Category: Manufacturing and Bioprocessing
Purpose: In this research, simulation model predicting tablet strength was established. Tablet strength was evaluated by impact tester (BIT-ST, Hitachi Technologies and Services, Ltd.). Correlation between tablet strength and tablet density distribution was evaluated by both actual data and simulation data. Actual tablet density distribution was evaluated by NIR chemical imaging (Compovision, Sumitomo Electric Industries, Ltd.). Discrete element method (DEM) was used to evaluate tablet density distribution in computer simulation.
Methods: Impact tester was used to evaluate tablet strength. 6 kinds of tablet shapes and 3 kinds of tablet densities were used to evaluate the correlation between tablet strength and tablet density distribution. Drop test was repeatedly performed 5 times in each tablets with the fall height of the probe raised by 5 mm at a time. The minimum value of the fall height at which all the tablets became defective tablets was recorded. Actual drop height was calculated by the following equation to cancel the effect of the prove weight.
Actual drop height (cm)=Minimum fall height (cm) × (Tablet weight (mg) + Probe weight (mg))/Tablet weight (mg)
Tablet density distribution was evaluated by NIR chemical imaging. A calibration model predicting tablet density was constructed by employing flat-faced tablets to measure tablet bulk density accurately. 56 measurements were conducted for constructing calibration model including various tablet density, tablet thickness, and tablet angle to cancel the artifact related to various tablet shapes. Tablet angle were changed by jig to lean the flat-faced tablets.
Calibration model was constructed by Unscrambler X (Ver. 10.3, S.T. Japan Inc.). 56 kinds of NIR spectra were used for constructing calibration and validation model. 1510-1900 nm regions of NIR spectra were used for calibration model. Partial least squares (PLS) were conducted to construct the calibration model. Tablet density distribution of 6 kinds of tablet shapes were evaluated by calibrated model.
To simulate the tablet density distribution and predict the tablet strength, DEM simulation software (R-flow) was used. Compression in simulation was conducted by moving lower punch and total contact force was used to evaluate tablet density. Total contact force was calculated as below.
Total contact force in each particles (N) = Σkxi
Where k is spring coefficient, xi is distance between each particles, and i is number of particles whose distance is less than particle diameter.
To evaluate the correlation between tablet strength and density distribution by NIR chemical imaging and DEM simulation, statistical analysis software (JMP Ver. 6.0.0, SAS Institute Inc.) was used. As input parameters, average tablet density (or average contact force) in each area and tablet bulk density were used. As an output parameter, actual drop height was used. Step wise analysis was used to eliminate the parameters not correlating with tablet strength.
Results: Tablet density prediction model was constructed from the spectra of flat-faced tablets. R2 of calibration model was 0.965 and R2 of validation was 0.940. These results mean prediction model that can cancel the artifact related to various tablet shapes.

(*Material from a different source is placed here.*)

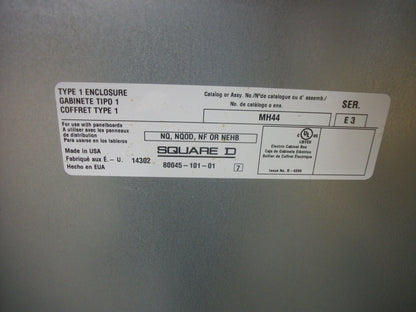 SQUARE D NQ NQOD NF NEHB 44 X 20 PANELBOARD BOX ENCLOSURE ONLY MH44 NEW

Results of tablet density distribution were shown in Figure 1 (NIR chemical imaging) and Figure 2 (DEM simulation). Tablets strength results showed lower bulk density had higher cracking tendency (lower actual drop height). Tablets having round cap or higher cap-depth (like No. 1 and No. 4) had higher cracking tendency. Flat tablets (No. 5) also had the cracking tendency because edge side of the tablets tended to make the crack.
Results of the strength prediction model by DEM simulation and NIR chemical imaging were shown in Figure 3. These analysis results showed both NIR chemical imaging and DEM simulation could predict tablet strength.
Conclusion: In this research, tablet strength and tablet density distribution were evaluated by NIR chemical imaging and DEM simulation. It was found that NIR chemical imaging was useful to evaluate tablet density distribution. DEM simulation was also used to evaluate the tablet density distribution. Tablet strength had a correlation with tablet density distribution by NIR chemical imaging and DEM. R2 value of prediction model by DEM simulation was larger than that of NIR chemical imaging because simulation had less artifact like variation of filling process, particle size distribution, and contents of excipients. Simulation tool established in this research could be useful to predict tableting process because of their simplicity and less artifact.